Here, set down only the lines between the line that contains "3D Rendering Fireweed Plant on White" and the final line of the material, both included, exactly as written. Skip the pictures.
=== Begin Enclosure ===
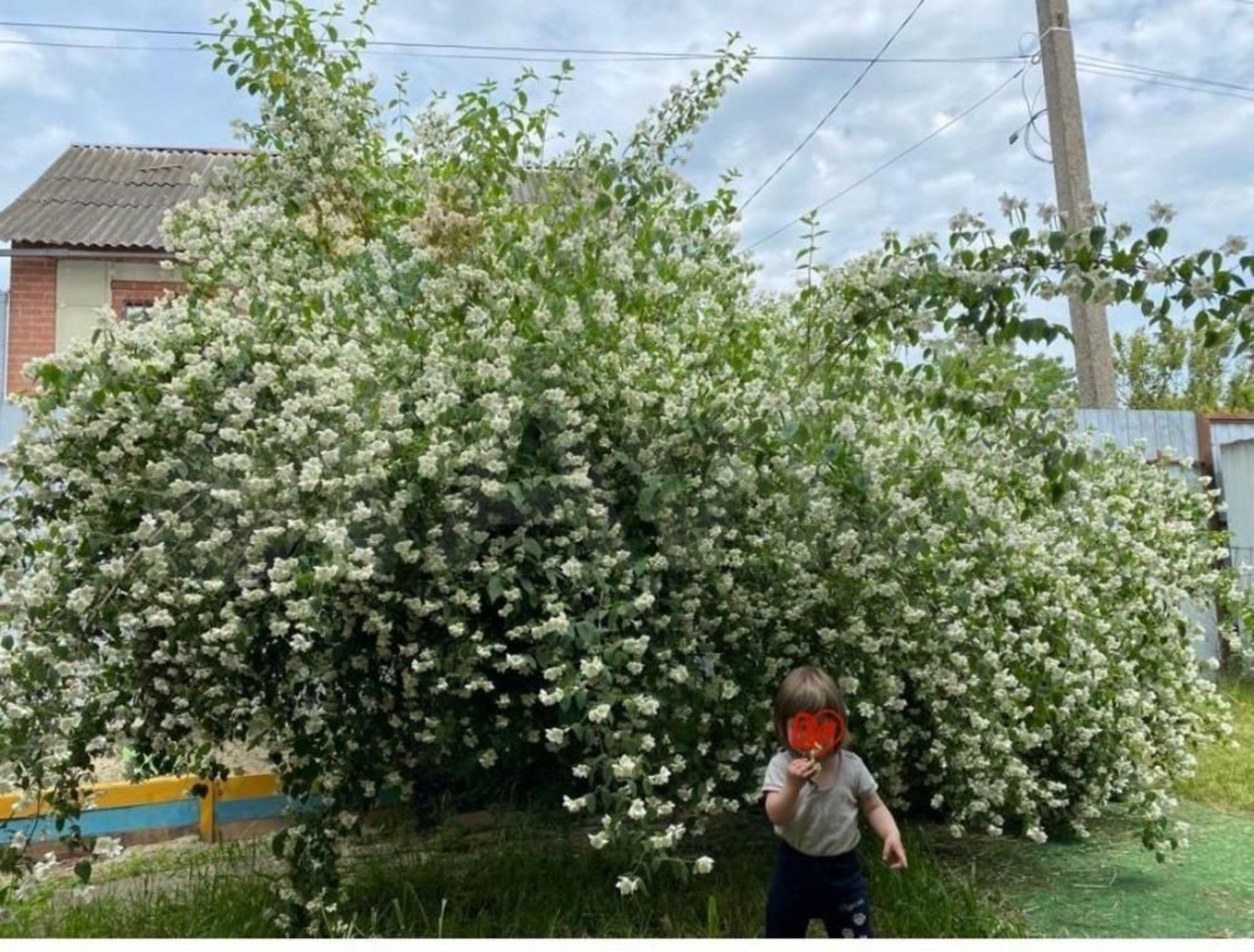 Купить дачу, дом, коттедж за 2 750 000 рублей на Цветочная ул, 41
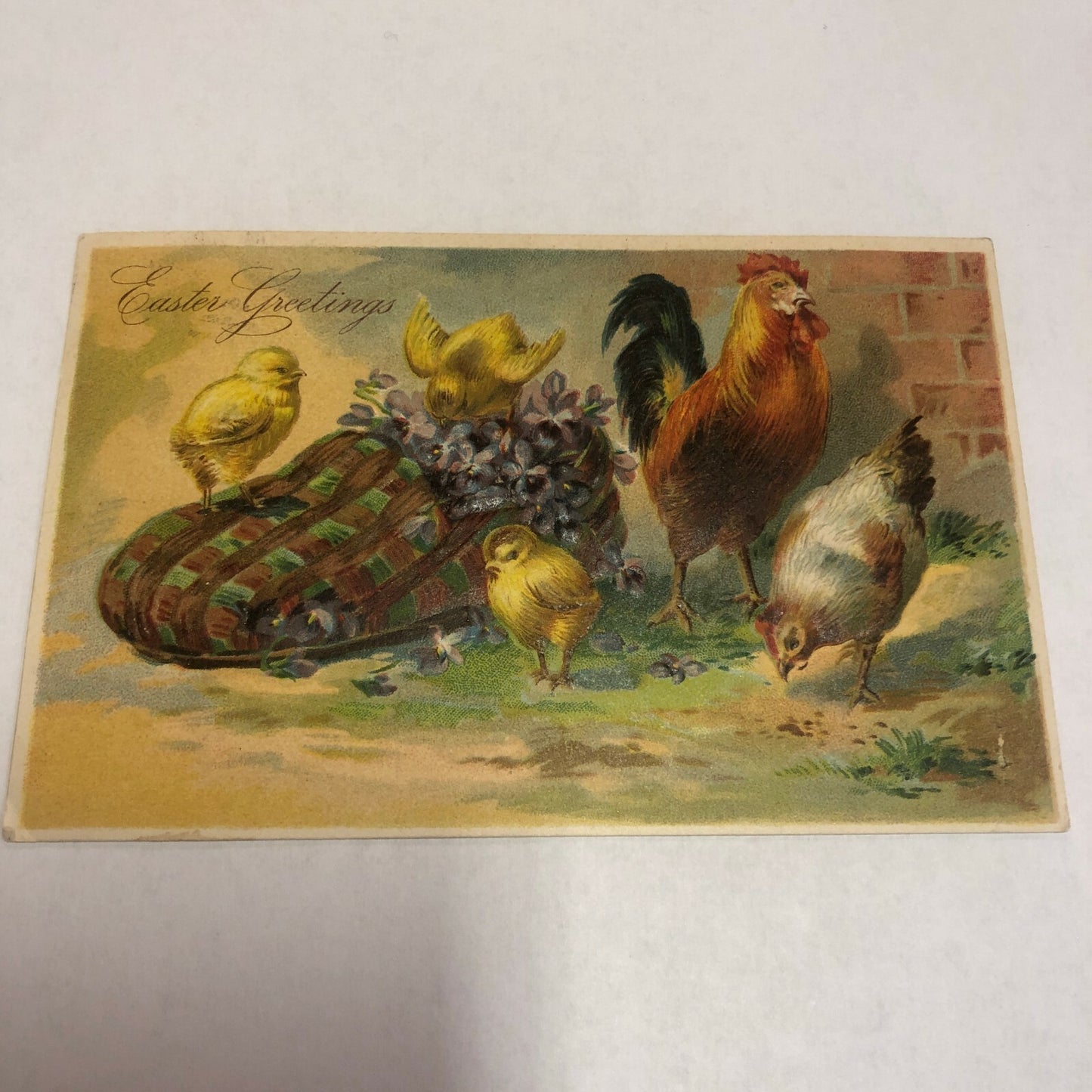Fabulous Vintage Easter Rooster, Hen Chicks with Old Shoe Slipper Postcard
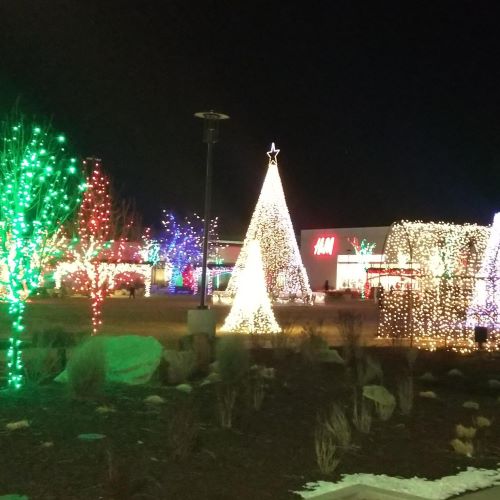 Orchard Christmas Lights thumbnail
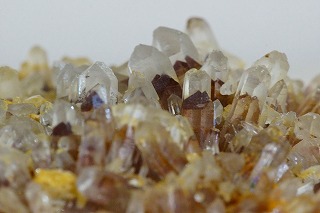 珍しい南インド産レッドファントムクラスターが入荷しました！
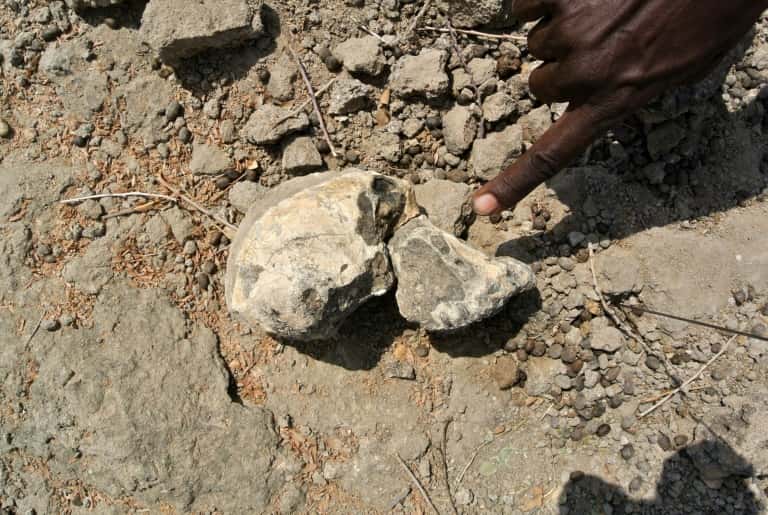 Photo fournie par le Museum of Natural history de Cleveland le 28 août 2019 montrant un fragment de crâne d'Australopithèque vieux de 3,8 millions d'années découvert en Ethiopie. © HO - <em>Cleveland Museum of Natural history</em>, AFP
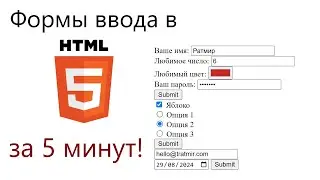 №10 | Формы Ввода | Основы HTML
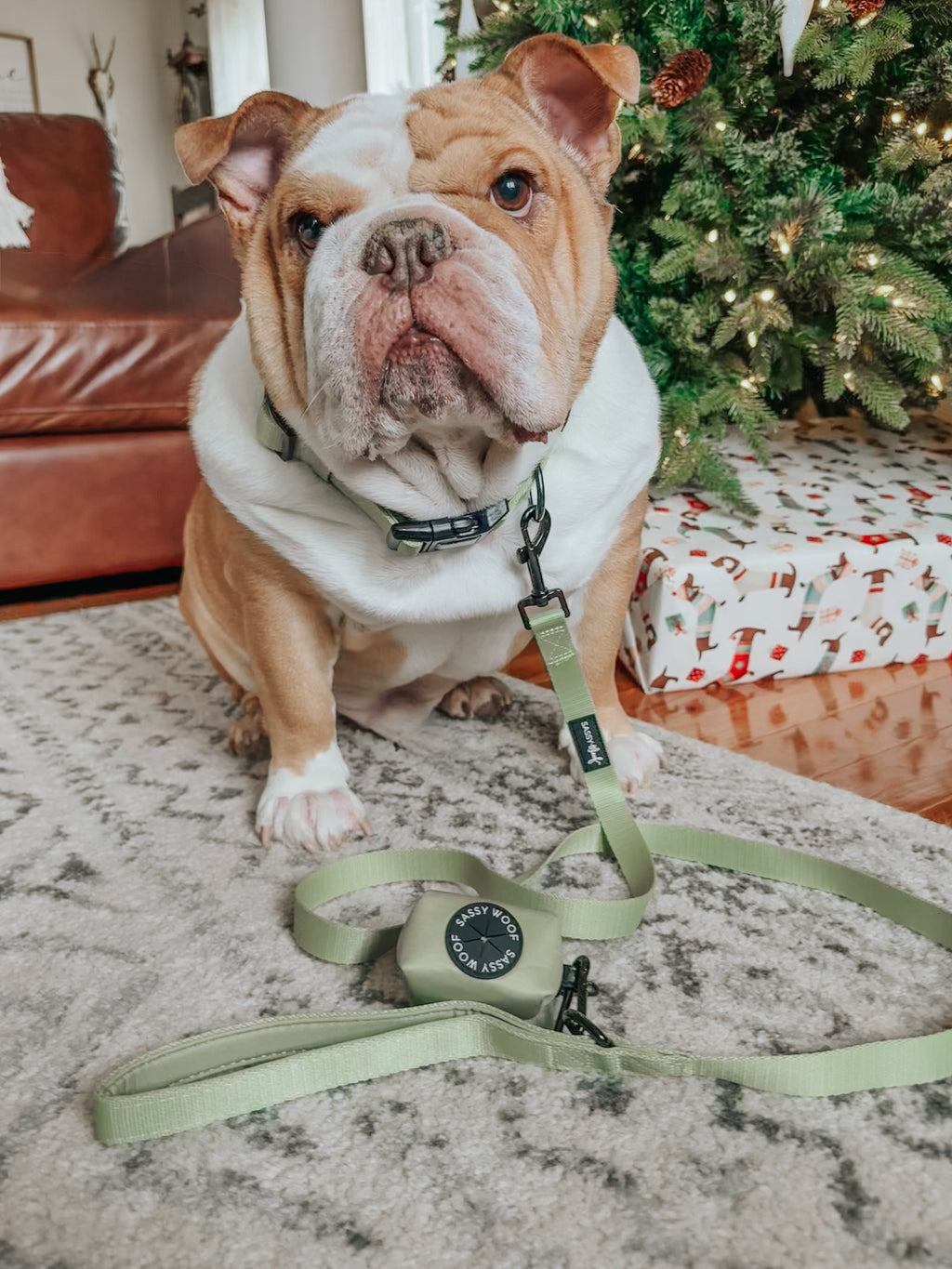 Dog Leash - Matcha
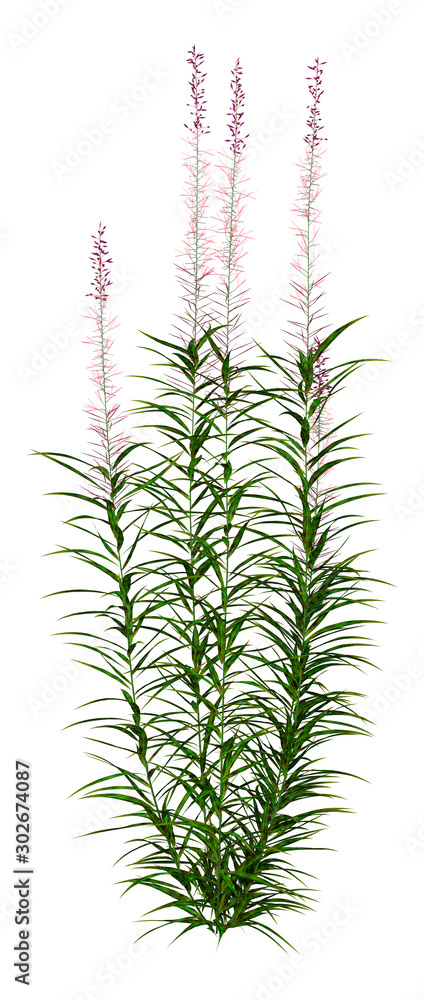 3D Rendering Fireweed Plant on White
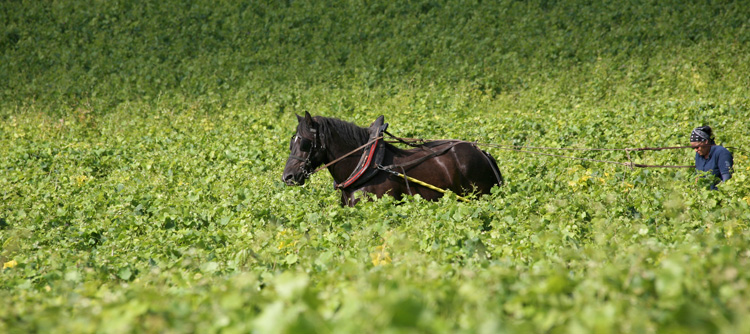 © BIVB / ARMELLEPHOTOGRAPHE.COM Live vineyard work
=== End Enclosure ===
**EXERCISE OUTPUT**:
 3D Rendering Fireweed Plant on White
 © BIVB / ARMELLEPHOTOGRAPHE.COM Live vineyard work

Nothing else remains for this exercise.